▶ DATASET ENTRIES
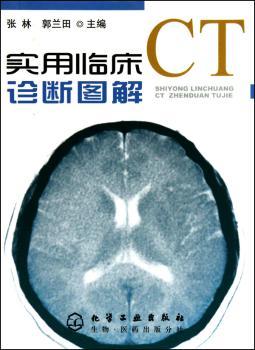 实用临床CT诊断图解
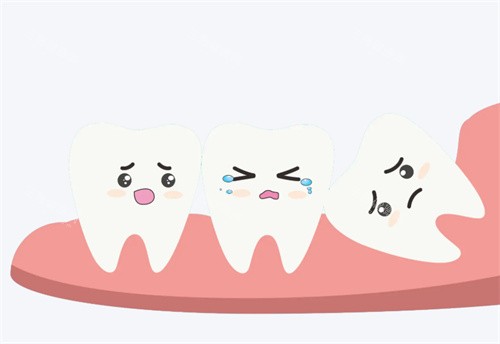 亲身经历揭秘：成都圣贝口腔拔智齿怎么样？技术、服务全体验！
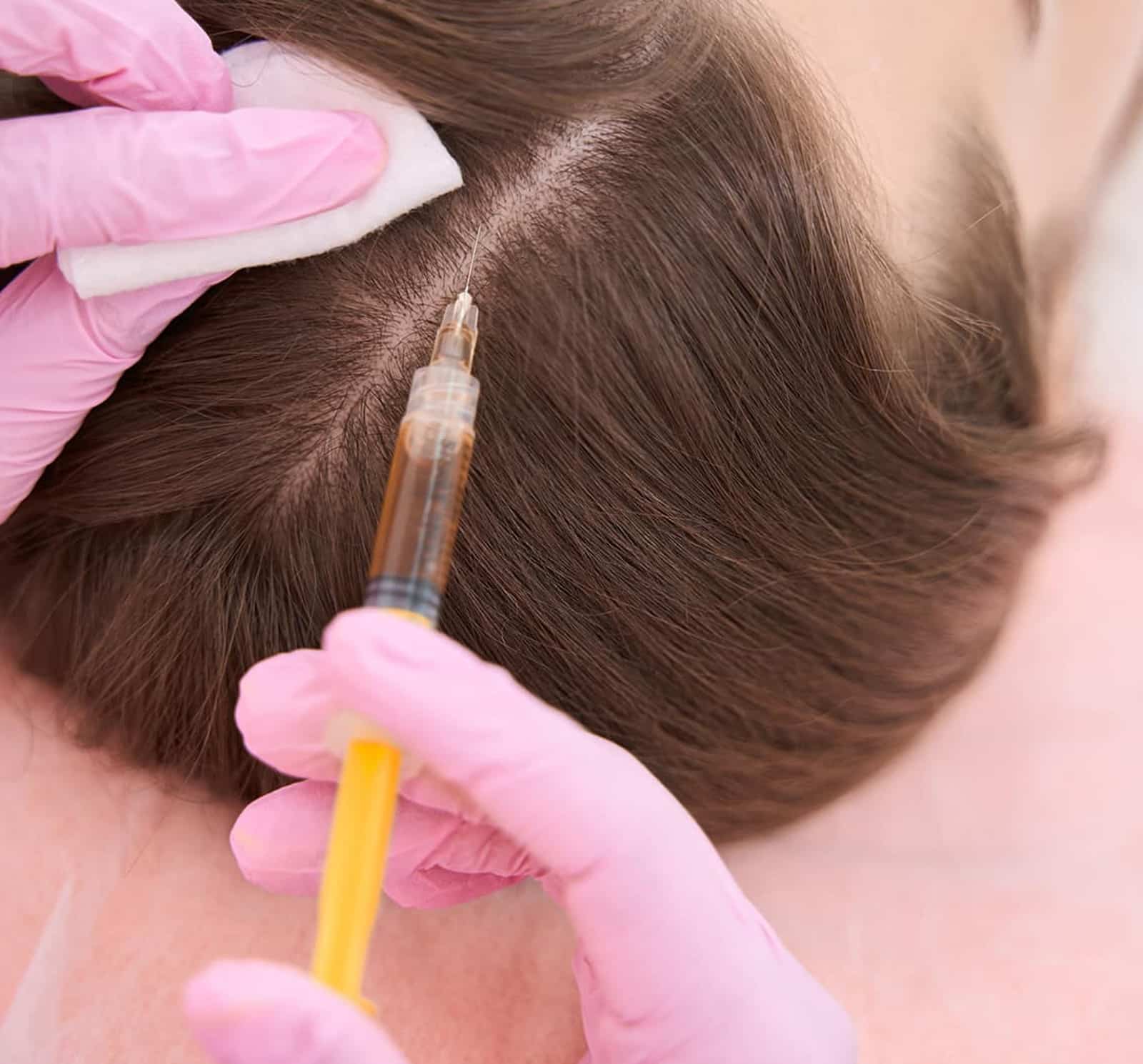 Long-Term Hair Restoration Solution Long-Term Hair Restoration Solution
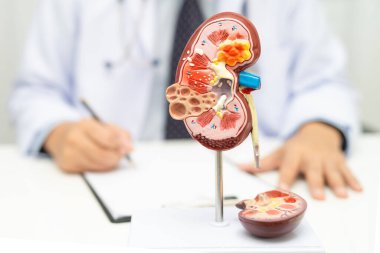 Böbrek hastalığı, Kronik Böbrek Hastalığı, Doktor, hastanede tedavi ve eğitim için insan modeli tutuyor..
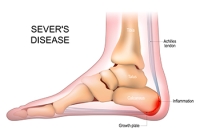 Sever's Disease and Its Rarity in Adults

▶ ACTIVITY
Only the listing above, set down exactly and without pictures, belongs in the answer.

▶ RESULT OF THE EXERCISE
 实用临床CT诊断图解
 亲身经历揭秘：成都圣贝口腔拔智齿怎么样？技术、服务全体验！
 Long-Term Hair Restoration Solution Long-Term Hair Restoration Solution
 Böbrek hastalığı, Kronik Böbrek Hastalığı, Doktor, hastanede tedavi ve eğitim için insan modeli tutuyor..
 Sever's Disease and Its Rarity in Adults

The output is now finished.